One of the women listed in the suit claims her ex-boyfriend followed her after hiding the AirTag in the wheel of her car. The other claims her estranged husband placed one of the trackers in her child’s backpack and used it to monitor her whereabouts. The former says she felt forced to move into a hotel following repeated harassment from her ex. One day, when driving from her apartment to the hotel she says she received a strange notification from her iPhone alerting her that an unknown AirTag was in her vicinity. The woman eventually found the AirTag lodged in the wheel of her car, colored with a marker and tied up in a bag. Later, the woman says she spotted a strange man lurking nearby who she believes was sent to find and snatch the device.
These womens’ first hand accounts are just the latest in a growing number of stalker stories tied to AirTags, some of which have even reportedly ended in murders.
Apple released the tracking devices in April 2021 as a direct competitor to the then popular Tile devices. The trackers, which send out a bluetooth signal that can be detected by nearby devices in Apple’s massive Find My network, are an incredibly useful tool for keeping track of keys, luggage, or other commonly misplaced objects. Some people even use them to keep tabs on their pets, children, and even elderly family members, though the ethics around those cases are less clear. However, the same features that make AirTags so useful also make them particularly attractive for stalkers, an issue privacy advocates and researchers warned about prior to the devices’ launch.
Though Apple has issued numerous updates in the past year aimed at addressing security and privacy concerns, the complaint accuses Apple of “heedlessly” forging ahead with its device despite a groundswell of concerns from advocates warning of potential stalking consequences. AirTags, the complaint contends, have “revolutionized the scope, breadth, and ease of location based stalking.” And while other competing tracking devices exist, the complaint claims AirTags are unique due to their ”unparalleled” accuracy, ease of use, and affordability.
“With a price point of just $29, it has become the weapon of choice of stalkers and abusers,” the suit reads.
Apple did not immediately respond to Gizmodo’s request for comment.
In some cases, AirTag enabled stalking has reportedly turned deadly. Earlier this year, an Indiana woman allegedly used the device to track down her boyfriend to the car. The woman then allegedly clipped the man with her car before backing up over his body, ultimately crushing him to death. The woman has since been charged with murder.

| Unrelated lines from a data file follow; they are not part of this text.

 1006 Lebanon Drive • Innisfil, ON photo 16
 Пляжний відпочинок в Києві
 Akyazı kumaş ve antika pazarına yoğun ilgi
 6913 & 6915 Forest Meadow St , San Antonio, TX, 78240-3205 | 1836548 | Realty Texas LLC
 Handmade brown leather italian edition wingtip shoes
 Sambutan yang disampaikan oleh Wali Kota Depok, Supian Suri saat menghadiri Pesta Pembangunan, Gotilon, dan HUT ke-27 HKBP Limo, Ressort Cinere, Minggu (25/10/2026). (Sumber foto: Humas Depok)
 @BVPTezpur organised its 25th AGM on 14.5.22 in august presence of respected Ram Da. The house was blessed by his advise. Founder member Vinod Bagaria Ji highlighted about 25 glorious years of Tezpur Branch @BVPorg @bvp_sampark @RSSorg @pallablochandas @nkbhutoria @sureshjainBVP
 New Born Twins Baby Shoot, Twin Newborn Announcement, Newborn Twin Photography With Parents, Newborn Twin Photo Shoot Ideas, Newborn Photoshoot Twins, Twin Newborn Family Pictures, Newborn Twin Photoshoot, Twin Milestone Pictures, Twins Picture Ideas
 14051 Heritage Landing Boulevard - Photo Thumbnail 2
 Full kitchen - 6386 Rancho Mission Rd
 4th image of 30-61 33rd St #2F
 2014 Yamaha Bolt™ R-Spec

To its credit, Apple has continually added in safety features intended to, however marginally, reduce the risk of stalking occurring. Last summer, for instance, Apple rolled out an update that would make AirTags beep at a random time if it’s not near the owner’s phone for somewhere between 8 and 24 hours. Around the same time the company also introduced a new Tracker Detect app that lets Android users scan for any unwanted Find My-connected devices belonging to another person in a nearby area. Most recently, the company released a “Personal Safety Guide” which the company describes as a resource for, “anyone who is concerned about or experiencing technology-enabled abuse, stalking, or harassment.”